Process according to Claim 1, characterized in that, in step (a), the stream comprising formic acid and a tertiary amine (I) are prepared from dilute formic acid in the presence of tertiary amine (I).

4. Process according to claims 1 to 3, characterized in that the liquid stream produced in step (a) has a concentration of formic acid plus tertiary amine (I) of 1 to 99 wt .-% based on the total amount of the stream.

Process according to claims 1 to 4, characterized in that in step (c) the stream containing formic acid and a tertiary amine (I) in the region of the lower quarter of the present separation stages is fed.

Process according to claims 1 to 4, characterized in that in step (c) the stream containing formic acid and a tertiary amine (I) is fed to the bottom evaporator of the distillation apparatus.
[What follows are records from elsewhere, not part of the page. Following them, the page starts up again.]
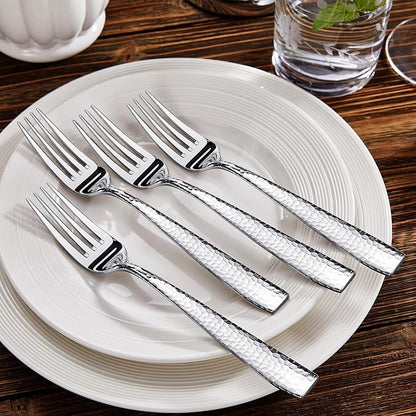 KEAWELL Premium 8-Piece Louis Hammered Fork Set, 18/10 Stainless Steel, Squared Edge with Smooth Rounded Edges for Enhanced Comfort, Dishwasher Safe (8, 8.3" Dinner Fork)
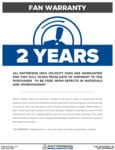 HV Fan Warranty 2 Years HV Fan Warranty 2 Years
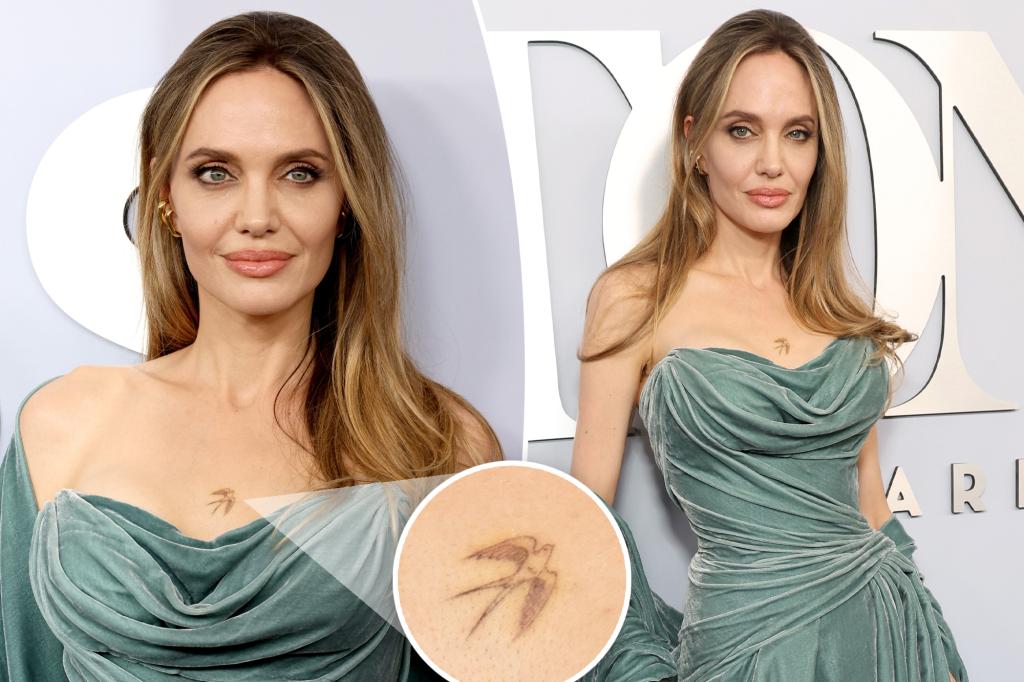 Angelina Jolie Debuts New Chest Tattoo On Ton Angelina Jolie Shotoe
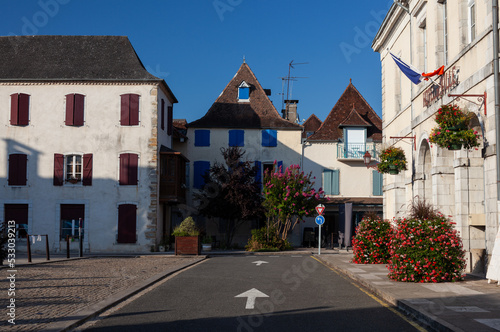 View of Navarrenx houses, first bastioned city in France © bepsphoto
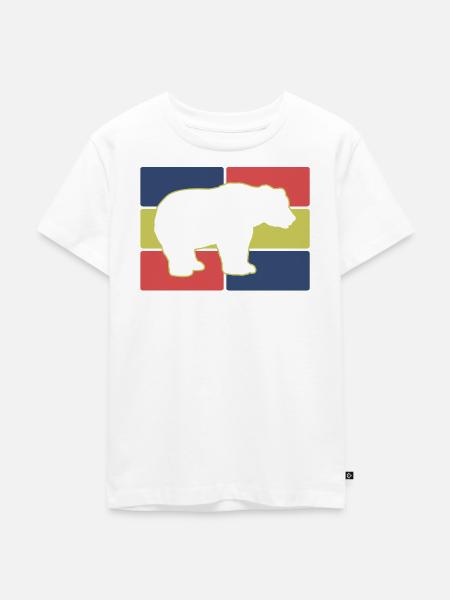 Bär Silhouette Geometrisch - Kinder Premium Bio T-Shirt - Weiß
Process according to Claims 1 to 6, characterized in that the separation rate in the distillation apparatus mentioned in step (c) is selected such that the molar ratio of formic acid to tertiary amine (I) in the bottom effluent is from 0.1 to 2.0.

Process according to Claims 1 to 7, characterized in that the metals and metal compounds contained therein are removed from the lower liquid phase formed in step (d).

Process according to Claims 1 to 8, characterized in that the tertiary amine (I) is an amine of the general formula (Ia)

NR R ² R ³ (Ia),

in which the radicals R ¹ to R ^{3 are} identical or different and independently of one another represent an unbranched or branched, acyclic or cyclic, aliphatic, aliphatic or aromatic radical having in each case 1 to 16 carbon atoms, wherein individual carbon atoms are independently selected from one another by a hetero group the group -O- and> N- may be substituted and two or all three radicals may be connected together to form a chain comprising at least four atoms in each case.

10. The method according to claim 9, characterized in that as the tertiary amine (I) an amine of the general formula (Ia), in which the radicals R ¹ to R ^{3 are} independently selected from the group d- to Ci2-alkyl, Cs to Cs cycloalkyl, benzyl and phenyl.

1 1. A method according to claim 10, characterized in that the tertiary amine (I) is an amine of general formula (Ia), in which the radicals R ¹ to R ^{3 are} independently selected from the group Cs to Cs-alkyl, is used.